Completion time: 2009-07-01 17:43 - machine was rebooted
ComboFix-quarantined-files.txt 2009-07-01 22:43
ComboFix2.txt 2009-03-04 05:38

Pre-Run: 40,033,198,080 bytes free
Post-Run: 40,194,191,360 bytes free

198 --- E O F --- 2009-06-13 01:47

[miekiemoes]

Hi,

This looks OK again.

By the way, after you scanned with rootrepeal and deleted the clb rootkit, did you scan with malwarebytes afterwards? Because the files Combofix found is should also be detected by malwarebytes though.
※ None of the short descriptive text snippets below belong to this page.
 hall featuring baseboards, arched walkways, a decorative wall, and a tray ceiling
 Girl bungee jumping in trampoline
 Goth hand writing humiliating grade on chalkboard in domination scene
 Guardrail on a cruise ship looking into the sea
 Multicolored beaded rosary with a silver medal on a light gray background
Anyway, * Go to start > run and copy and paste next command in the field:

ComboFix /u

Make sure there's a space between Combofix and /
Then hit enter.

This will uninstall Combofix, delete its related folders and files, reset your clock settings, hide file extensions, hide the system/hidden files and resets System Restore again.
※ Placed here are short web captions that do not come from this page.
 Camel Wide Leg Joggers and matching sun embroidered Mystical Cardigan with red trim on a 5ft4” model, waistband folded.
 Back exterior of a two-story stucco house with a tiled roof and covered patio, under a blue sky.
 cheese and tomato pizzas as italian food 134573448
Let me know in your next reply how things are now.

[adamevans]

miekiemoes, on Jul 2 2009, 07:01 AM, said:

By the way, after you scanned with rootrepeal and deleted the clb rootkit, did you scan with malwarebytes afterwards? Because the files Combofix found is should also be detected by malwarebytes though.

I did, and I noticed that. There were four Skynet files in my system32 folder. For whatever reason, MBAM would only pick up two of them. I ran it twice just to make sure.

And everything seems to be working good. Thanks for the help

[miekiemoes]

Aaah, I see now. Those are .dat files that weren't detected. Those are just traces/leftovers

Good to hear everything is OK again.

Glad I could help.

Please read my Prevention page with lots of info and tips how to prevent this in the future.
And if you want to improve speed/system performance after malware removal, take a look here.
Extra note: Make sure your programs are up to date - because older versions may contain Security Leaks. To find out what programs need to be updated, please run the Secunia Software Inspector Scan.

Happy Surfing again!

[miekiemoes]

Since this issue appears resolved ... this Topic is closed.
If you need this topic reopened for continuations of existing problems, please request this by sending me a PM with the address of the thread. This applies only to the original topic starter.

Everyone else please begin a New Topic.